What if, instead of calculating every detail through physics and rendering engines, an AI model could predict the game’s next frame, based purely on learned patterns from gameplay?
That’s the promise of a new direction in Generative AI: systems that don’t just create static content like art or text, but generate dynamic, interactive environments. At the cutting edge of that idea is WHAMM, a project from Microsoft Research.
Today, I'll share:
What WHAMM is (and why it matters)
How WHAMM works under the hood
WHAMM vs. WHAM: A performance leap
Let's get started.
WHAMM stands for World and Human Action MaskGIT Model. At its core, it is a generative transformer trained to render video game frames based entirely on user input, such as moving, turning, or shooting. It does this without relying on a traditional rendering engine.
Conventional games rely on sophisticated rendering engines — like Unreal Engine or Unity — to simulate lighting, motion, texture, and physics, frame by frame in real time.
Instead of these simulations, WHAMM uses a process known as neural inference. Instead of calculating each frame by applying physical rules, it relies on patterns learned from previous gameplay to predict the next visual frame based on the player’s actions.
Imagine controlling a character in a game, and instead of your inputs being processed by a graphics engine, they are interpreted by an AI model. The model effectively thinks, “Based on everything I’ve seen before, here’s what that next frame probably looks like.”
That is what WHAMM does, and it does it in real time.
Let’s take a look. In the clip below, every flick of movement, every explosion, and every interaction is generated live. There is no 3D engine, no hand-coded shaders. It is just pure Generative AI producing the scene as you play.
Rendering dynamic, high-speed visuals on the fly is incredibly hard. Until now, Generative AI models have mostly been used for static content: images, videos, or short clips. But video games are fast, interactive, and constantly changing. Creating a convincing, playable game world using only AI is new.
To be playable, a model must not only generate convincing images — it must predict what happens next, over and over again, fast enough to keep up with the player.

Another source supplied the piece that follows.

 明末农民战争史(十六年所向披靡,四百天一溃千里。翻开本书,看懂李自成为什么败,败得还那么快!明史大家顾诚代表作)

So to test WHAMM’s real-time capabilities, Microsoft picked a game that would push the model to its limits.
To showcase WHAMM’s real-time rendering capabilities, Microsoft turned to a classic: Quake II.
Released in 1997 by ID Software, Quake II is a groundbreaking first-person shooter (FPS). It introduced fully 3D environments, fast-paced combat, and fluid player movement, all rendered in real time on the hardware of the late ’90s.
For modern AI researchers, it offers something else: the perfect stress test.
Here’s why:
High-speed gameplay: Quake II is a twitch shooter. The player constantly moves, jumps, strafes, and reacts to threats. This is unlike generating a still image or a
Constant perspective shifts: The camera isn’t static. It constantly rotates and repositions based on mouse movement, making frame prediction harder than fixed-perspective games.
Complex frame-to-frame dynamics: Lighting, motion blur, and weapon effects change dramatically in milliseconds. A generative model has to anticipate and replicate these changes seamlessly.
Even though the textures are low-resolution by today’s standards, the task is still incredibly difficult for a neural network. It’s not about how realistic the graphics are; it’s about how quickly and correctly the AI can generate the next frame.
Let’s break down what WHAMM is doing and how it turns user actions into playable, AI-rendered video.
WHAMM is a transformer-based generative model trained to render real-time video game frames based on live player input. It uses an architecture called MaskGIT (Masked Generative Image Transformer), which was originally developed for fast image generation.
MaskGIT breaks each video frame into small visual patches, or tokens, and then masks some of them out. The model learns to predict the missing patches in parallel, based on what’s happening in the game and what the player is doing.
This parallel prediction allows WHAMM to keep up with gameplay, generating more than 10 frames per second, even during fast camera movement and continuous input.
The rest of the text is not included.